Dan kini ketika jemari saya yang dengan penuh perasaan merabai daerah biji kelentitnya dan bercocok tanam di lubang vaginanya, semakin berkobarlah napsu di tubuh Mbak Sarijah, seakan haus yang selama ini ada telah menemukan air yang dingin dan segar.
“Ah… entot Mbak lagih, Fajar..” desahnya makin membara.
Segera kubalikkan badan Mbak Sarijah dan mengatur posisi. Mbak Sarijah celentang pasrah dengan kedua paha terbuka lebar menantikan sodokan batang penis saya pada lubang vaginanya yang telah semakin berdenyut.
Mbak Sarijah tersentak ketika terasa benda keras nyelonong masuk ke lubang vaginanya. Direngkuhnya tubuhku ketika perlahan batang penis saya yang keras itu mulai menyusuri lubang vaginanya.
“Akh…! Enak, Fajar…! Mmmm… oohhh… nngggh…” desisnya. Tangannya menekan pinggul saya agar batang penis itu menusuk lebih dalam hingga palkon saya seluruhnya menempel di rahimnya.
Saya juga merasakan nikmat. Saya mulai menggerakkan pinggul saya perlahan naik-turun dan terus dipercepat diimbangi gerakan pinggul Mbak Sarijah. Kami terus berpacu menggapai nikmat.
Saya menggerakkan pinggul saya semakin cepat dan keras. Sesekali saya sentakkan ke depan sehingga batang penis saya tuntas masuk seluruhnya ke dalam vagina Mbak Sarijah.
“Oh… Faaaj….aarrr…!” jerit Mbak Sarijah nikmat setiap kali palkon saya menyodok rahimnya.
Semakin sering saya melakukannya, semakin bertambah nikmat yang dirasakan Mbak Sarijah sehingga pada hentakan yang sekian Mbak Sarijah merasakan otot diseluruh tubuhnya meregang.
Dengan tangannya ditekan pantat saya agar hujaman bantang penis itu semakin dalam. Dan terasa ada yang berdenyut-denyut di dalam lubang vaginanya.
“Ahk..! Ah…duh… akhh…!” teriaknya tertahan merasakan orgasme yang untuk pertama kali saat bersanggama dengan lelaki. Sangat nikmat dirasakan Mbak Sarijah.
Seluruh tubuhnya terasa dialiri listrik berkekuatan rendah yang membuatnya berdesir.
Saya yang belum keluar terus menggerakkan pinggul saya semakin cepat, menyebabkan Mbak Sarijah kembali berusaha mengimbangi.
Diangkat kedua kakinya ke atas dan dipegang dengan kedua tangannya, berakibat pinggulnya sedikit terangkat sehingga vaginanya semakin menjengkit dan hujaman penisku semakin dalam.

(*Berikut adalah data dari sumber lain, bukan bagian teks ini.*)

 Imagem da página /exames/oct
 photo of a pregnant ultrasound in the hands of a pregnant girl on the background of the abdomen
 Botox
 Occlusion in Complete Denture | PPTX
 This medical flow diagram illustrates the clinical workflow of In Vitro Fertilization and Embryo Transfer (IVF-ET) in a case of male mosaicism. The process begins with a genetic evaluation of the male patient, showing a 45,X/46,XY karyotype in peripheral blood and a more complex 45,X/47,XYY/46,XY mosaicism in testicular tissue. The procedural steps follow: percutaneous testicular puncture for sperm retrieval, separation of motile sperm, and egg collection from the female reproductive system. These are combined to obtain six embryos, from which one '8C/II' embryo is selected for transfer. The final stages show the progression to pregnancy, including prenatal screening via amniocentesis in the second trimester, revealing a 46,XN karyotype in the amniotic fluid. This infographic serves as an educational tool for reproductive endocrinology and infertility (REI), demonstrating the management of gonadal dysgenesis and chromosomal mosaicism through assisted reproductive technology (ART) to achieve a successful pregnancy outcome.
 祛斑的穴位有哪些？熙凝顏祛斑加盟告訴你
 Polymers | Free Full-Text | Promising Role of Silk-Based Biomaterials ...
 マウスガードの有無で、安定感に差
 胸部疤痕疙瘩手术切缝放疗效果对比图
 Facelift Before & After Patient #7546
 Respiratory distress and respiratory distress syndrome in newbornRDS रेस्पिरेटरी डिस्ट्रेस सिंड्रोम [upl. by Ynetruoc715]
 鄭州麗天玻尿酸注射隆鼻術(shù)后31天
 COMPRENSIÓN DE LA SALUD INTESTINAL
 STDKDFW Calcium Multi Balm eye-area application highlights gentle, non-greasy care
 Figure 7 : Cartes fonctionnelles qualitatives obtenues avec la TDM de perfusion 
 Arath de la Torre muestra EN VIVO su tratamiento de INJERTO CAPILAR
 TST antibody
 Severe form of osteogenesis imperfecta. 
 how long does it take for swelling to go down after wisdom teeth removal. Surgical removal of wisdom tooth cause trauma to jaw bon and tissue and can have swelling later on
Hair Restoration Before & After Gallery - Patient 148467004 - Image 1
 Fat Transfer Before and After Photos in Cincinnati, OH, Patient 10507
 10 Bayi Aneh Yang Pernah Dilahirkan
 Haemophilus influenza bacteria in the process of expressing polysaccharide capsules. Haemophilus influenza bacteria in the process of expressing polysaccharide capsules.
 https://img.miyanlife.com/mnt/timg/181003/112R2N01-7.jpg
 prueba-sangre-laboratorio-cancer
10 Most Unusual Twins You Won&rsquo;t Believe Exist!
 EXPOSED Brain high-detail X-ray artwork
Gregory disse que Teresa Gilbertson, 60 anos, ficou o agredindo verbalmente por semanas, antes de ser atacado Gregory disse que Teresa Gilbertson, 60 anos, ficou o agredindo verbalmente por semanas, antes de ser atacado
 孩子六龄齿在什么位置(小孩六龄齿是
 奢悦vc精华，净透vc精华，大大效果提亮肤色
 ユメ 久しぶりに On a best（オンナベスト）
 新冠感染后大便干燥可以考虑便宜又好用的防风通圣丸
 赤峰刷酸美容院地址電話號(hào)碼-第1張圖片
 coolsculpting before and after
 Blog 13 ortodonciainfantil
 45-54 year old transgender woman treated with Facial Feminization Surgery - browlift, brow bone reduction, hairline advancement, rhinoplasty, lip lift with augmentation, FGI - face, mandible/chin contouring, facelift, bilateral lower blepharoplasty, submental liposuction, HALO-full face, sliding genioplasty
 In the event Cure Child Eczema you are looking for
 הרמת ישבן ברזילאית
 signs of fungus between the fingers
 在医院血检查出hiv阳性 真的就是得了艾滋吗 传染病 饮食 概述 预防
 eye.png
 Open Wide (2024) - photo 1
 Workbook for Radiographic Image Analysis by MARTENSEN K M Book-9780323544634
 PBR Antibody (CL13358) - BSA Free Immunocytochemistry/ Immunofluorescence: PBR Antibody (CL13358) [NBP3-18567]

Saya yang berusaha mencapai kenikmatannya, semakin menghentakkan pinggul saya ketika dirasakan kenikmatan puncak sudah semakin dekat dirasakan.
“Ahhh…” saya mengerang nikmat ketika dari batang penis saya menyembur cairan kenikmatannya.
Crroott… crroott… crroottt… crroottt… crroottt…
Dikocoknya terus batang penis itu untuk menuntaskan hasratnya.
Tubuh saya ambruk di atas tubuh Mbak Sarijah. Keduanya saling berdekapan. Kemaluan mereka masih bertaut.
Keringat mengucur dari tubuh keduanya, bersatu. Napas saling memburu.
“Terima kasih ya, Fajar” kata Mbak Sarijah lemah di antara napasnya yang memburu.
Tuntas sudah hasratnya. Dua tubuh yang panas berkeringat terus berdekapan.